===== Extracted material
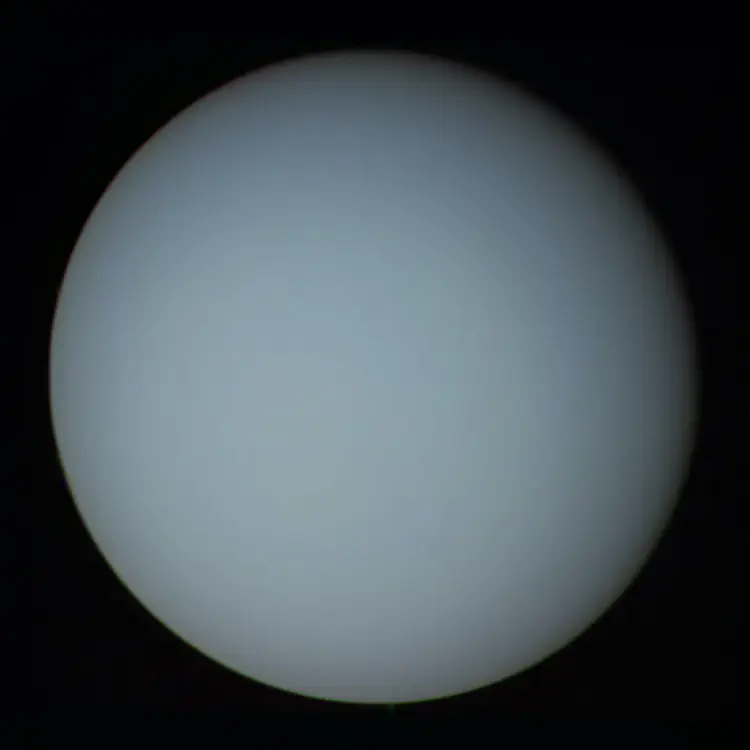 Uranus in true color
_Voyager 2_, 1986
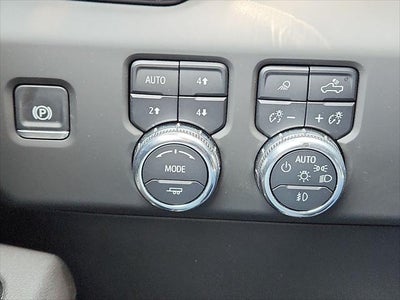 2025 GMC Sierra AT4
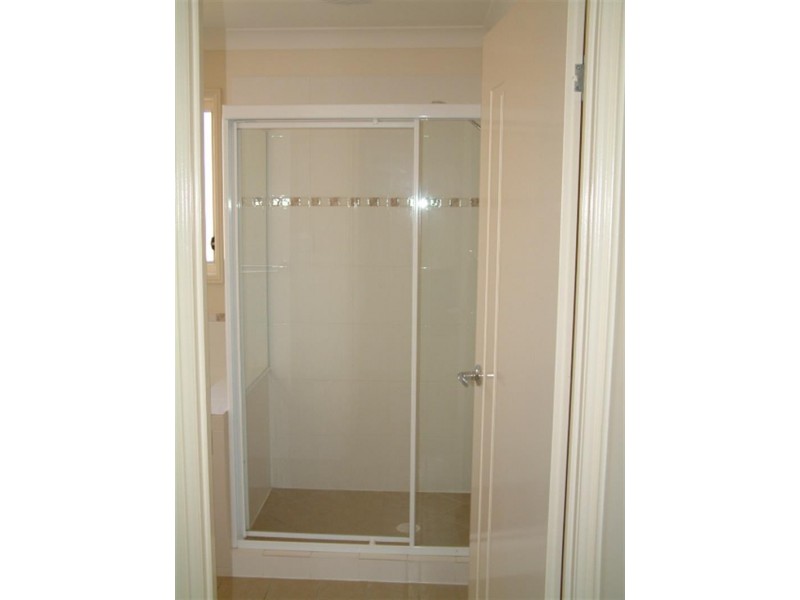 33 Masterton St, Oxley QLD 4075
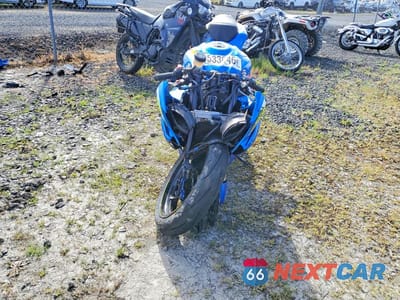 Drugie zdjęcie samochodu z przodu: 2015 SUZUKI GSX-R1000 VIN:JS1GT78A4F2100234 - miniatura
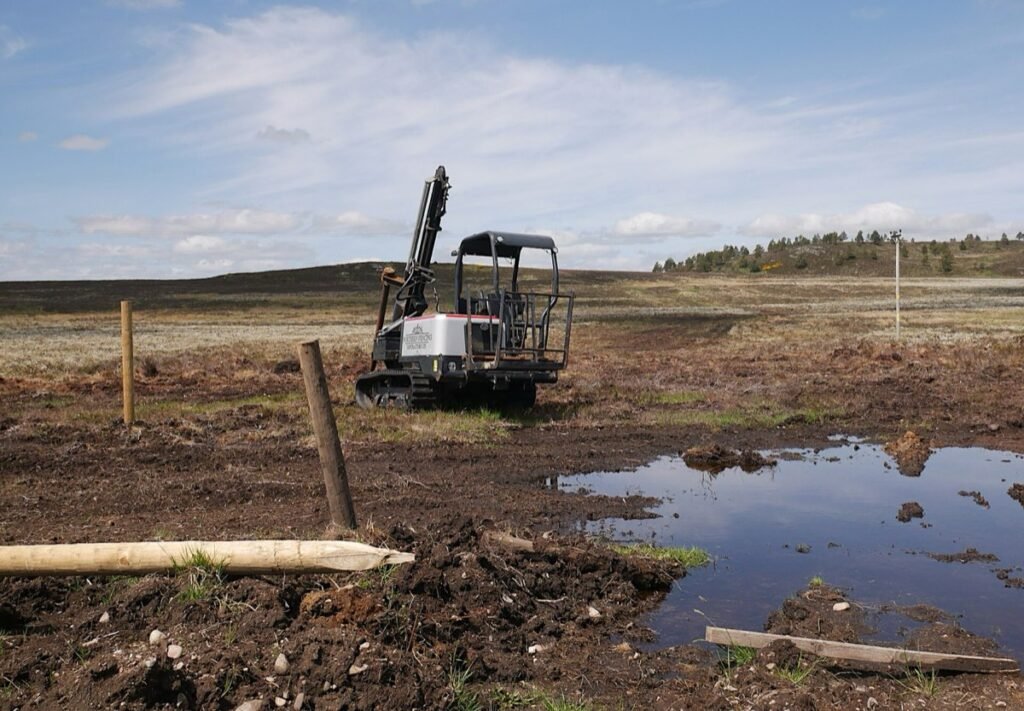 Fence post driver pounding posts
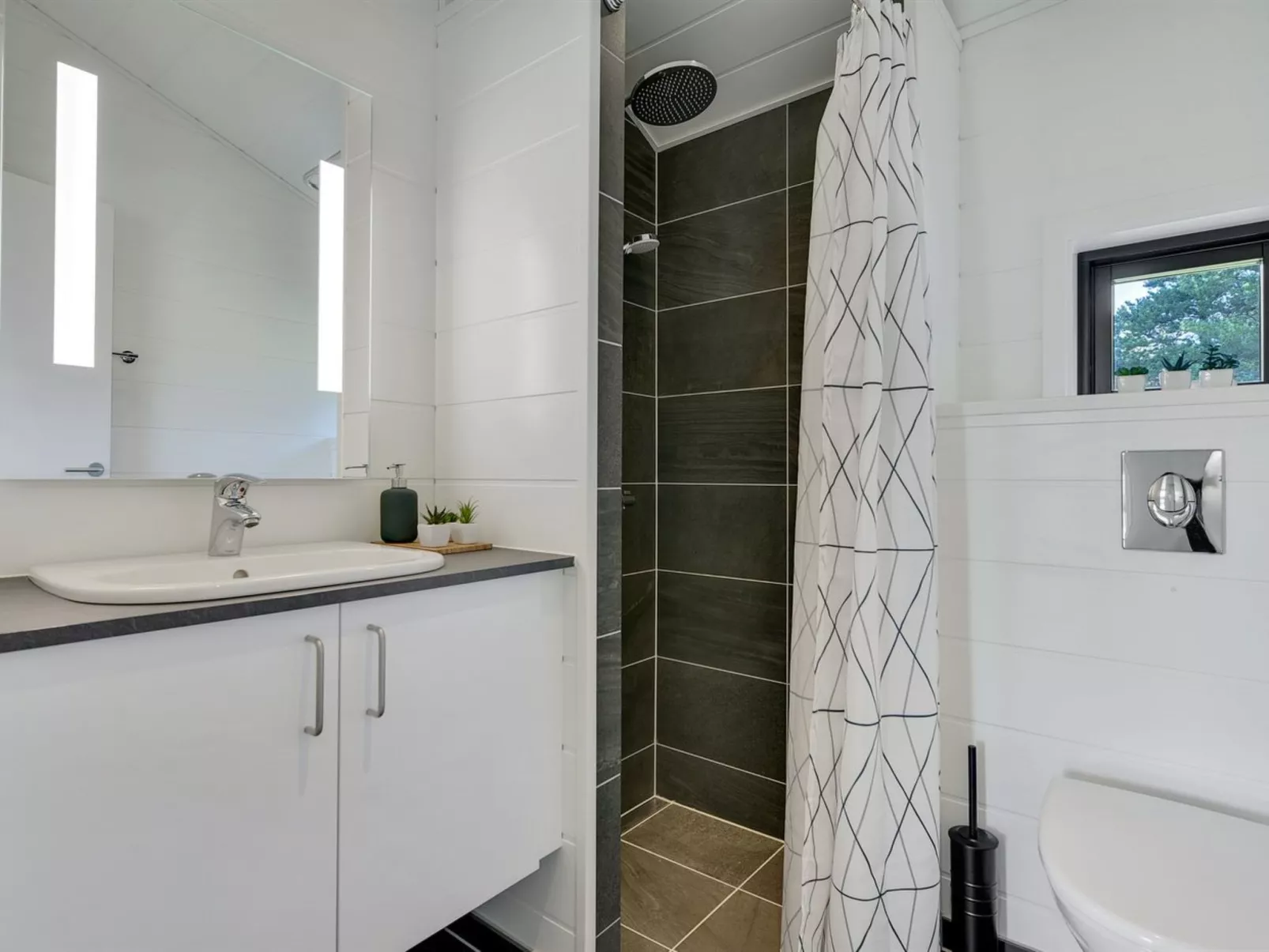 "Tea" - 2.7km from the sea-Dedans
==========
■ What you are asked to do:
Nothing but the lines from the one containing "Drugie zdjęcie samochodu" through the final line of the records, both included and copied exactly, should appear in the answer; pictures stay out.

■ Result for this exercise:
 Drugie zdjęcie samochodu z przodu: 2015 SUZUKI GSX-R1000 VIN:JS1GT78A4F2100234 - miniatura
 Fence post driver pounding posts
 "Tea" - 2.7km from the sea-Dedans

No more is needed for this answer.